Could the data below be printed out exactly, with the pictures left out?

## Data segment
****************

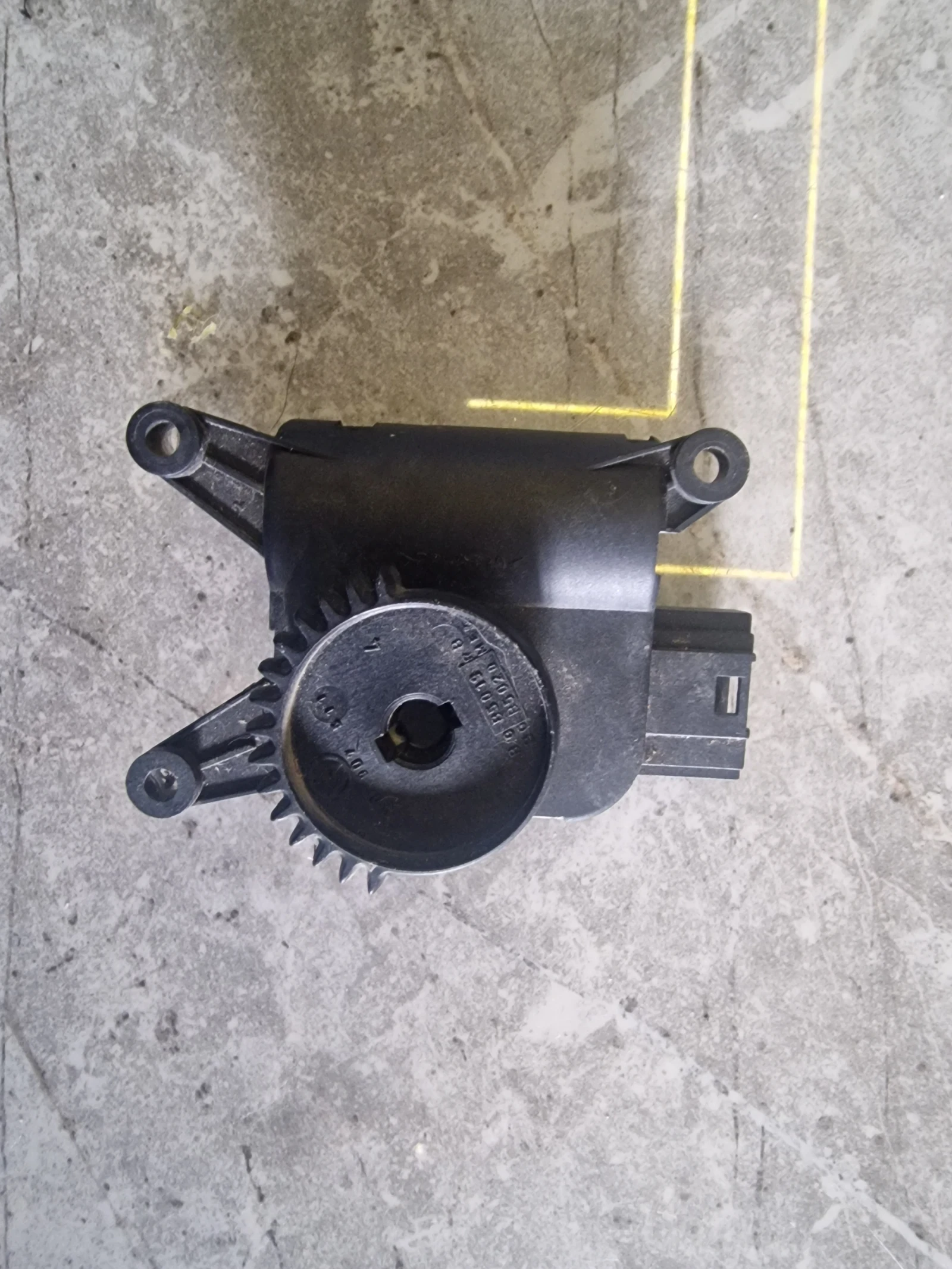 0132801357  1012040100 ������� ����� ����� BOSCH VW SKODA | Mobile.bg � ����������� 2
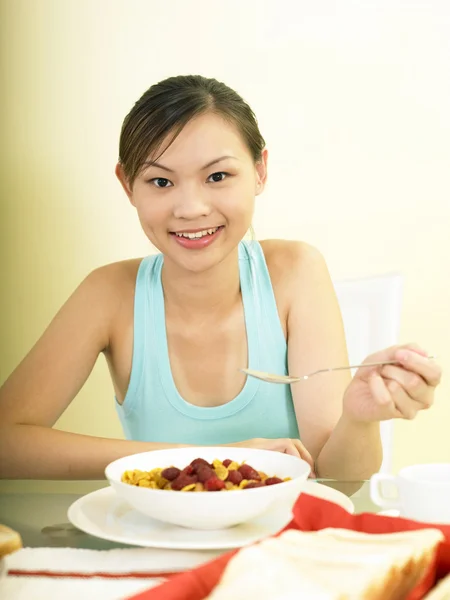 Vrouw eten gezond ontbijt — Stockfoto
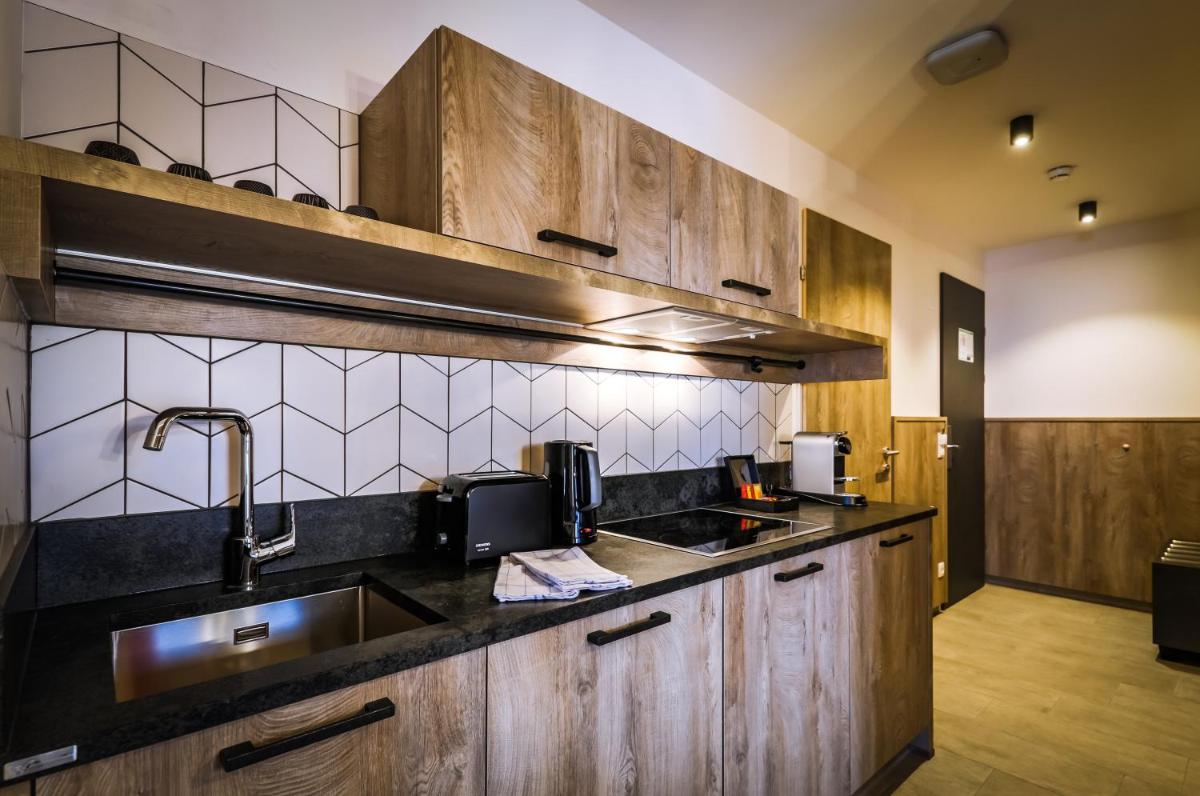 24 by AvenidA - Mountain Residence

****************

## Problem solution
 0132801357  1012040100 ������� ����� ����� BOSCH VW SKODA | Mobile.bg � ����������� 2
 Vrouw eten gezond ontbijt — Stockfoto
 24 by AvenidA - Mountain Residence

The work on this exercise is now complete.